In 1865, Otaru was a fishing village of just over 1,000 inhabitants, whose economy was based on herring fishing. The herring era ended in the 1950s. Until then, this activity brought considerable wealth to the economy of Otaru. It should be noted that 90% of the herring catch was not used as food but as fertilizer, produced by pressing the boiled herring.
In 1869, when the Hokkaidō Development Commission was established in Sapporo, Otaru became the most important port for the development of Hokkaido. The city then flourished as the financial and commercial center and trading port of Hokkaido. From this period onwards, kitamae-bune owners began to store their goods, Hokkaido-made products and daily supplies from the main island, in warehouses. Built of stone and with a wooden frame, these warehouses became the characteristic buildings of Otaru.
The iconic Otaru Canal was created between 1914 and 1923 to increase the efficiency of loading and unloading kitamae-bune, which increased in number every year. As the port was not equipped with a wharf, anchored ships were loaded and unloaded by barges going back and forth. When the wharf was completed in 1937, the canal lost its function. Then, with the establishment of the new port of Tomakomai, the number of ships calling at Otaru Port declined sharply and the area around the canal declined further, as did Otaru City, called “Declining Sun Town” during this period, with the canal being seen as a symbol of this decay. After 10 years of controversy over whether to keep or destroy the canal, it was finally decided to bury half of it for the road while the other half would become the promenade as we know it today, making Otaru a tourist destination.

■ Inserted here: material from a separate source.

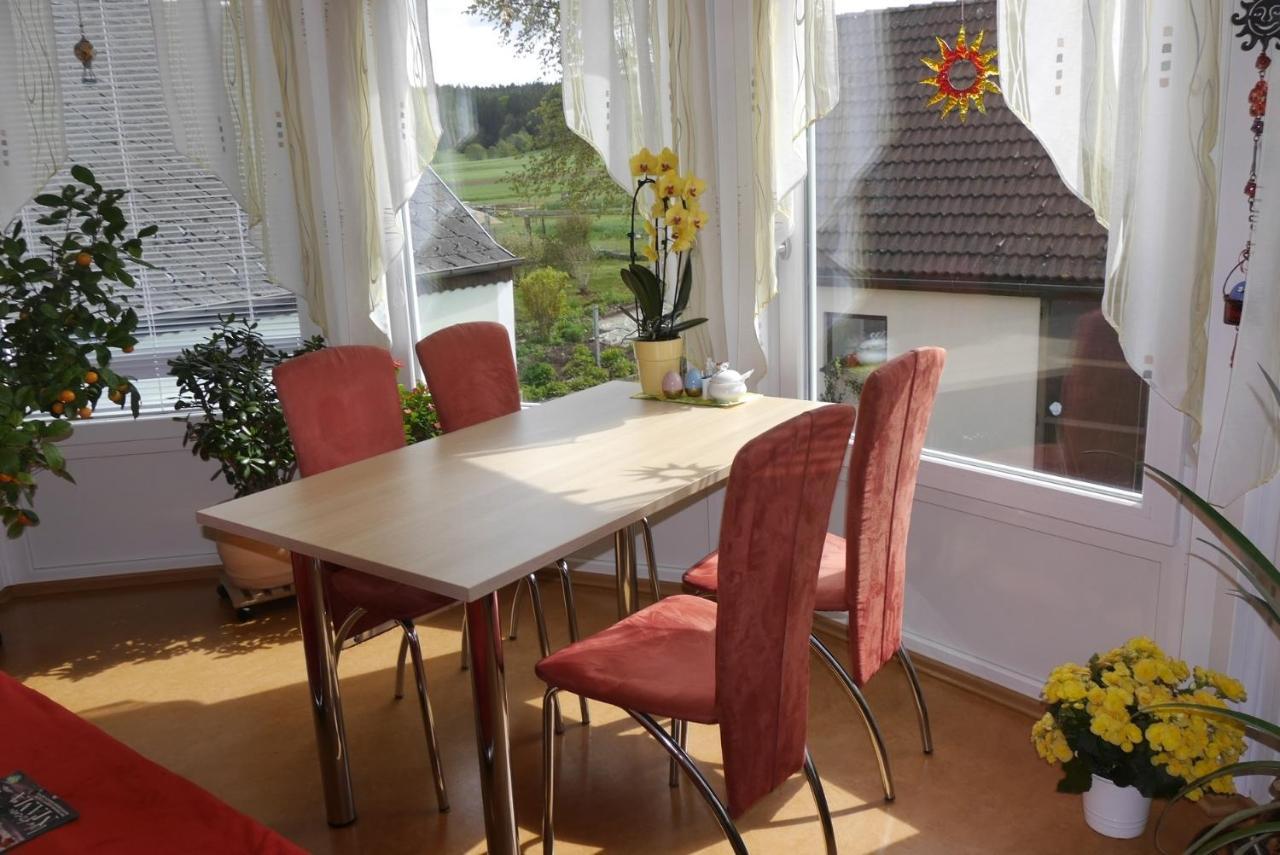 Gertis Blumenhof Privatzimmer, Ferienwohnung グミュント エクステリア 写真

A good way to immerse yourself in the history of Otaru is to visit the Otaru History and Nature Museum, housed in an old warehouse near the canal. The museum is divided into two main exhibits: one featuring historical artifacts, the other highlighting the surrounding nature. In the exhibition hall, you can see a reproduction of a kitamae-bune, the products they carried, maps, paintings and photos describing the history of these trading ships. There is also a corner dedicated to herring fishing and a replica of a street in Otaru at the beginning of the 20th century, when the city was most prosperous. All explanations are in Japanese only, but the museum provides explanatory notes in English that will help you understand the exhibits and thus enjoy the museum visit. The second exhibit focuses on presenting the nature of Otaru and Hokkaido and also features Jomon (Japanese prehistory, Jōmon meaning”cord-marked” and refers to pottery decorated by printing cords on the surface of wet clay) pottery with an interactive corner where you can try your hand at the fire making process or the rope patterns’ pressed into the clay of Jomon clay pottery. This museum (300 JPY) is really interesting with many models and exhibits that make this museum easily accessible.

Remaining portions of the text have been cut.